Latency: A single search query completes in ~0.9–1.2 seconds end-to-end (including embedding generation and network round-trip).
Introduction
Retrieval is the foundation of Retrieval-Augmented Generation (RAG). Before the language model can generate an answer, the retrieval layer must find the right document chunks from a potentially large knowledge base. The quality of the AI's response depends directly on the quality of this retrieval step — if the relevant information is not retrieved, no amount of language model sophistication can compensate.

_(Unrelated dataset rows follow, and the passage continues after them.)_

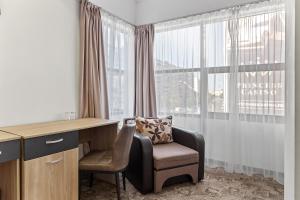 a office with a chair and a desk and a window at Lina Hotel in Bucharest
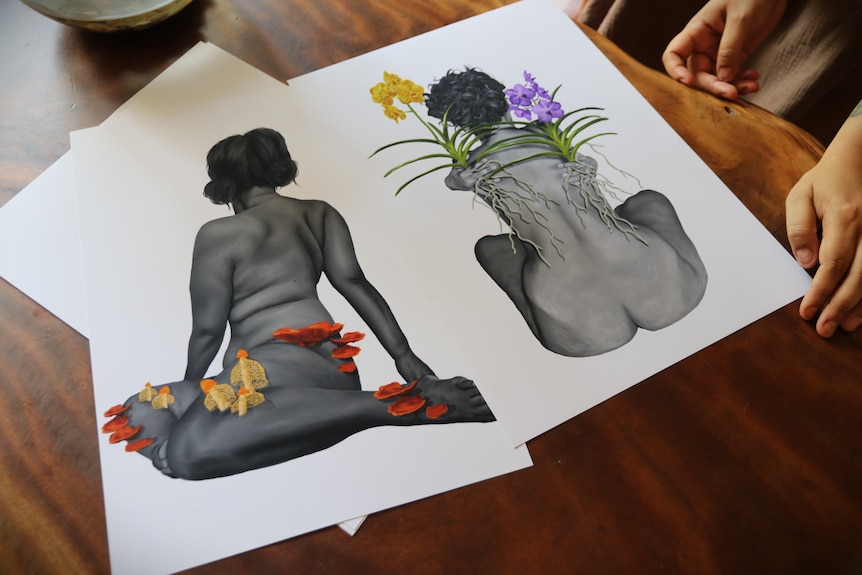 Two self-portrait drawings on a table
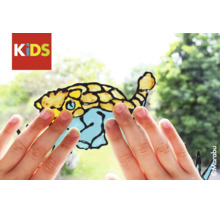 Mains d'enfant touchant un motif de poisson réalisé avec la peinture pour fenêtres Marabu KIDS sur une vitre. Logo Marabu.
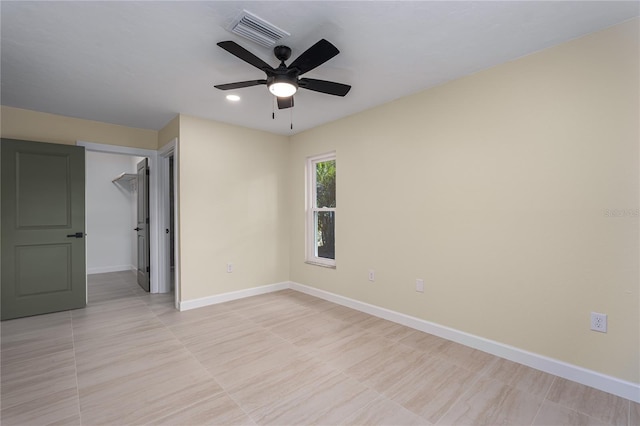 unfurnished bedroom featuring a walk in closet, ceiling fan, and a closet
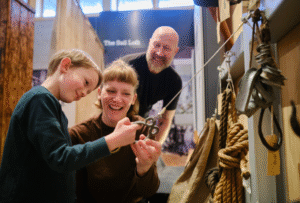 A family enjoying a day out at National Maritime Museum Cornwall, practicing knot-tying with ropes and nautical objects hanging from a wall.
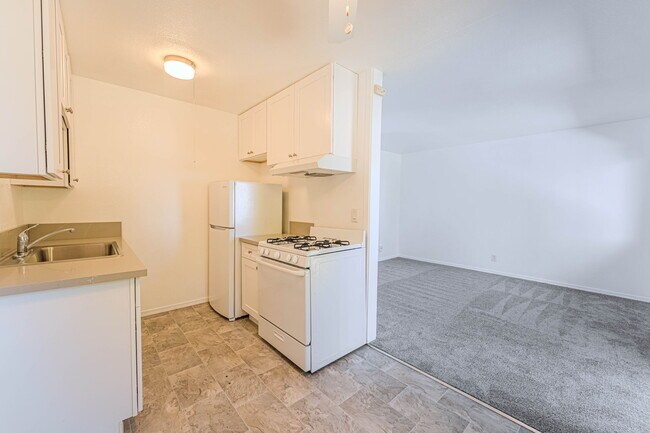 Kitchen and living room space partial view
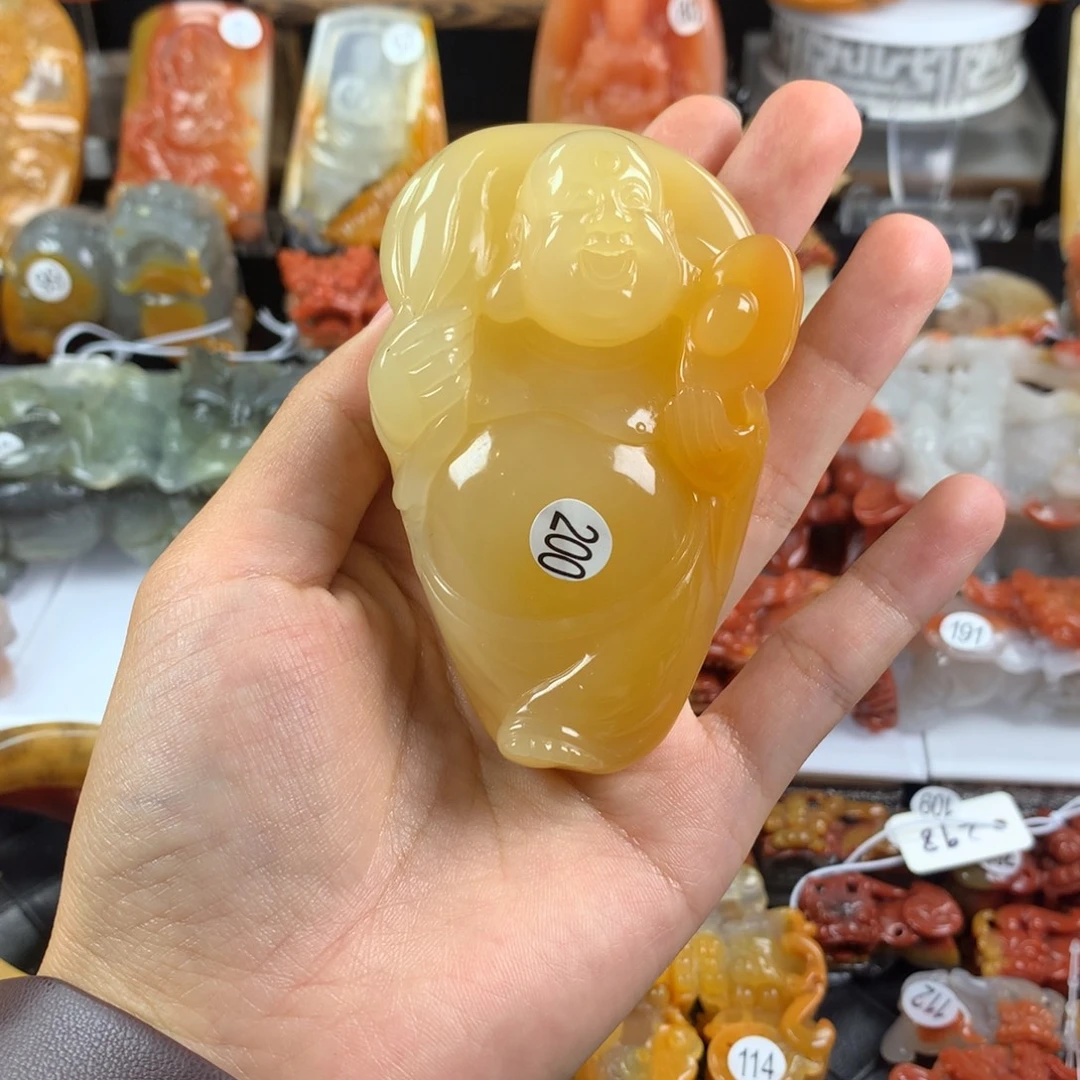 盘***易石英质玉（黄龙玉）未镶嵌手把件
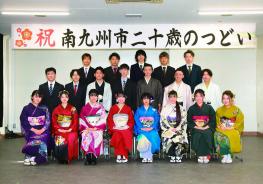 「祝南九州市二十歳のつどい」と書かれた横断幕が掲げられ会場の壁の前で、色とりどりの振袖を着た女性と、袴やスーツを着た男性の新成人が3列に並んで写した記念写真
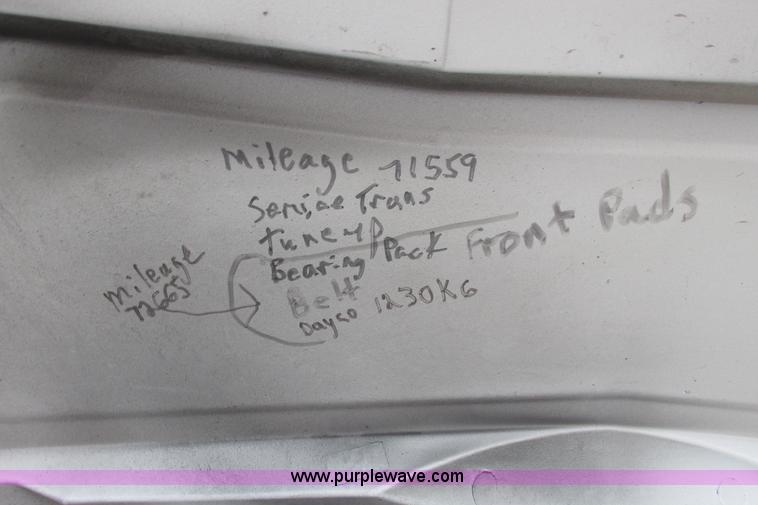 image for item I9649 2006 Ford 801 shuttle bus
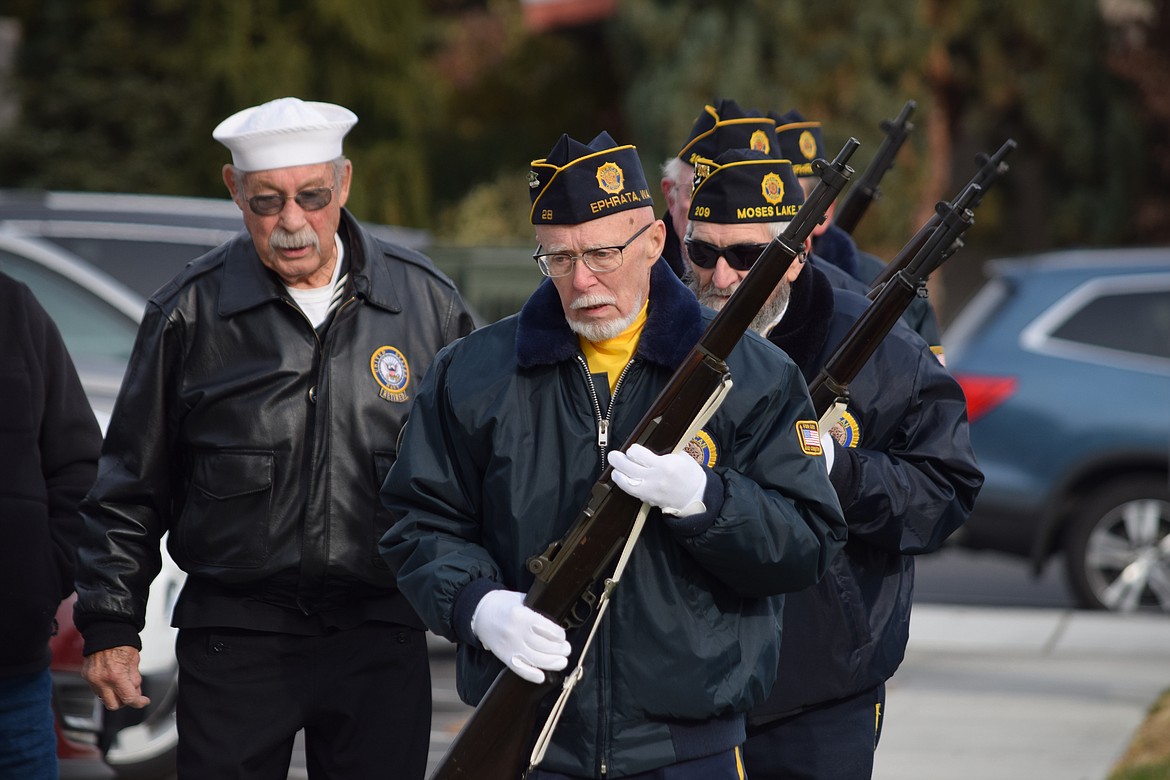Members of the American Legion Post 28 honor guard march up to the Grant County Courthouse’s Vietnam War Memorial at the end of the annual Veterans Day Parade in Ephrata on Friday.
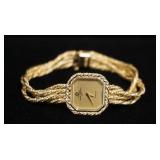 1185	14K GOLD BAUME & MERCIER LADIES WATCH. APP. 7 3/4 IN L. OVERALL WEIGHT 19.65 DWT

We conducted a systematic evaluation of our retrieval layer to answer five practical questions:
Does the system find the right documents? — How accurately does retrieval identify relevant content?
How much context window do we need? — What token budget is sufficient to capture relevant information?

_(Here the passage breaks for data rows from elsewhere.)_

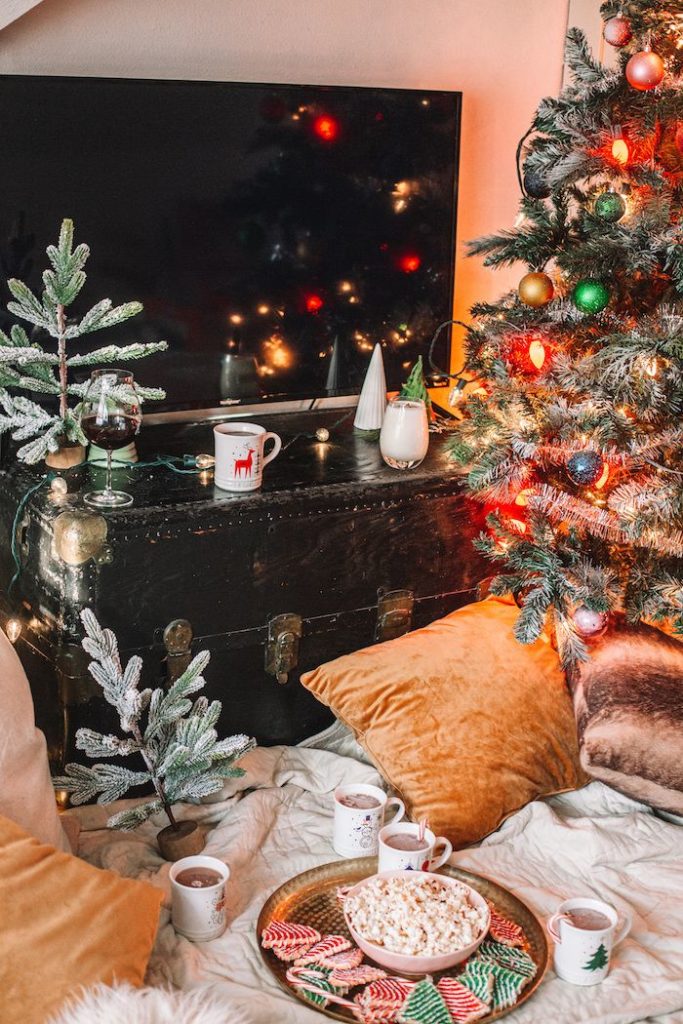 Watch holiday movies while sipping hot cocoa for your first Christmas newly weds
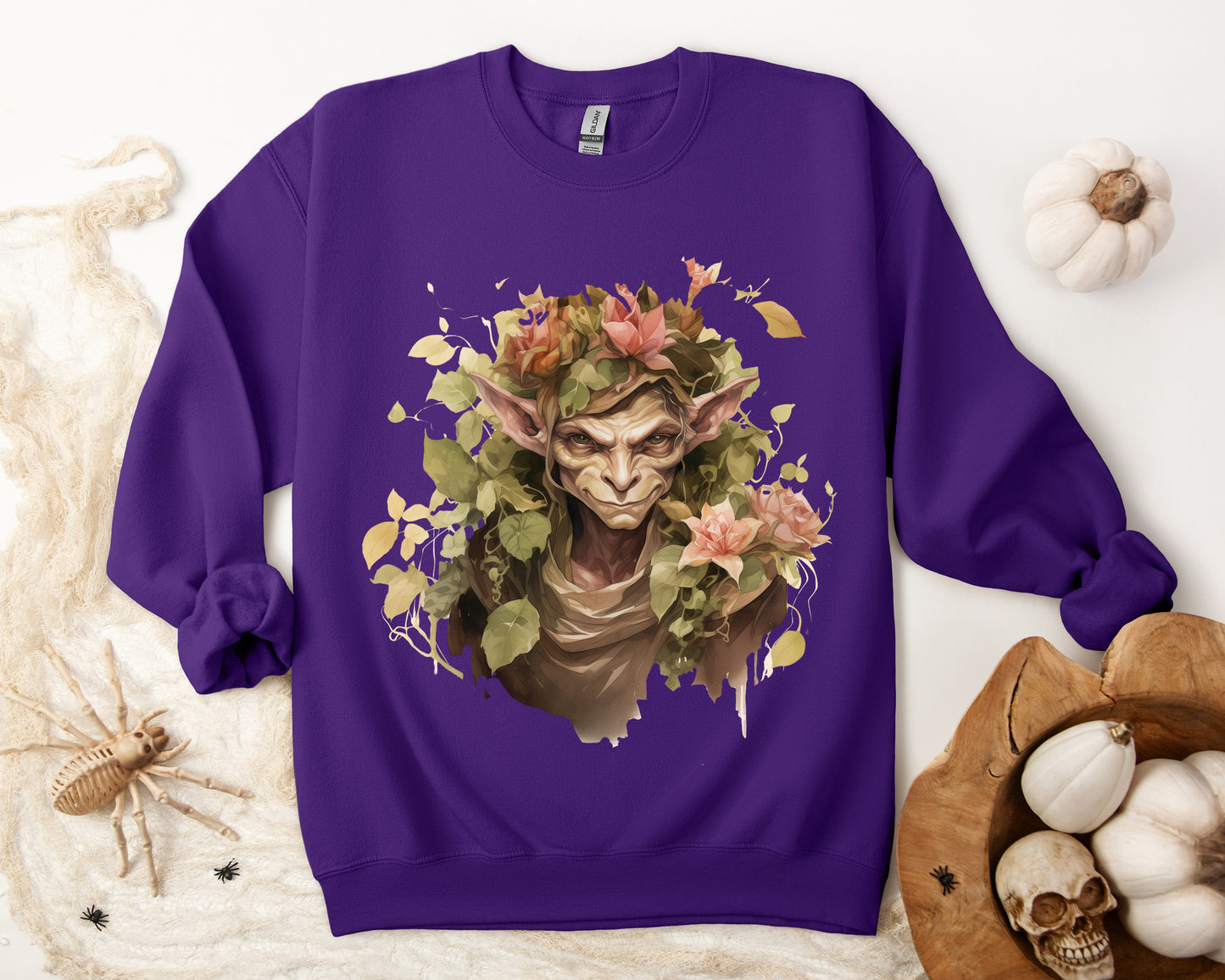 Boho Goblin Magic Halloween Sweatshirt for women. Features a charming goblin surrounded by muted florals. Perfect for Halloween celebrations. Available in multiple dark and light colors and sizes. Gildan 18000 sweatshirt in Purple. ReadyShirtAim.com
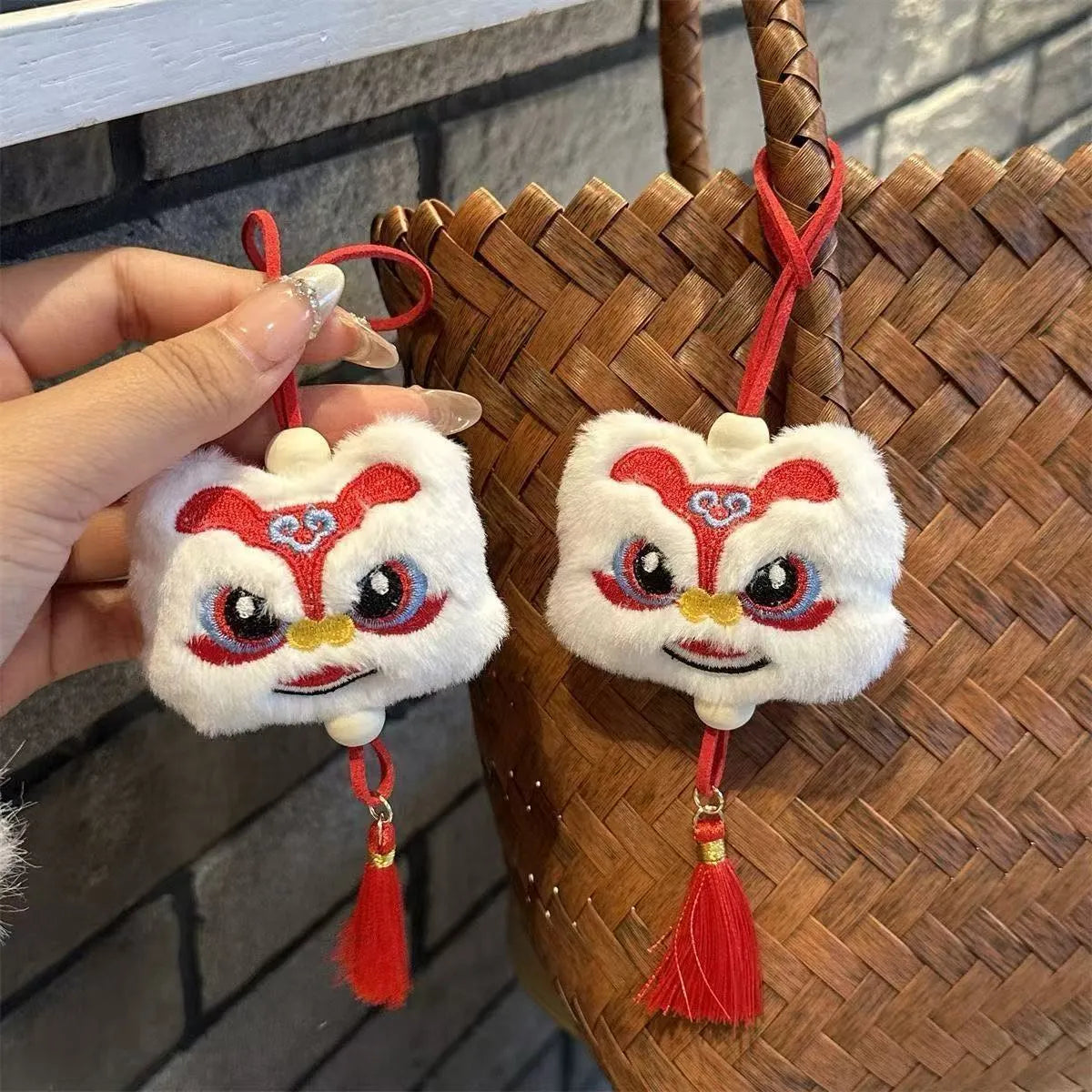 Blue and yellow Chinese style cartoon plush lion keychain ornaments with tassels and a star stone.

Should we enable Hybrid search? — Does combining keyword and vector search improve results?
Can we grow the knowledge base without losing accuracy? — How does retrieval quality scale?
How fast is it? — What latency can users expect for a single search query?
We benchmarked across three datasets representing different document types commonly found in financial services, using four search modes and four knowledge base sizes ranging from ~136,000 to ~400,000 chunks.
Methodology
Datasets
We benchmarked across three datasets representing different document types and complexity levels relevant to the financial services industry:
Dataset | Description | Questions | Documents | Pages | Chunks |
|---|---|---|---|---|---|
HR | Human resources policies and employment guidelines. Semi-structured corporate documents typical of internal knowledge bases. | 82 | 16 | 370 | 588 |
Legal | EU regulatory documents — directives, regulations, and compliance texts. Highly structured with formal language, standard in regulatory and compliance workflows. | 77 | 56 | 1,108 | 2,484 |
Due Diligence | Financial reports, investment documents, and mixed-format content including tables and charts. Representative of research and due diligence processes. | 94 | 9 | 299 | 393 |
These datasets cover the spectrum of document types typically encountered in enterprise knowledge bases: highly structured regulatory text, semi-structured corporate policies, and complex mixed-format financial documents.
Independent Variables
Variable | Levels |
|---|---|
Dataset type | HR, Legal, Due Diligence |
Search mode | Hybrid (DBSF), Vector Only, Elastic search Only, Postgres FTS |
Knowledge base size | ~136k chunks, ~200k, ~300k, ~400k chunks |
Hybrid: Combines dense vector search with keyword search (BM25), merging results using Distribution-Based Score Fusion (DBSF). Both search components run in parallel, so hybrid latency is driven by the slower of the two (typically the vector component). Appendix note on Fusion Strategies, and why we chose DBSF.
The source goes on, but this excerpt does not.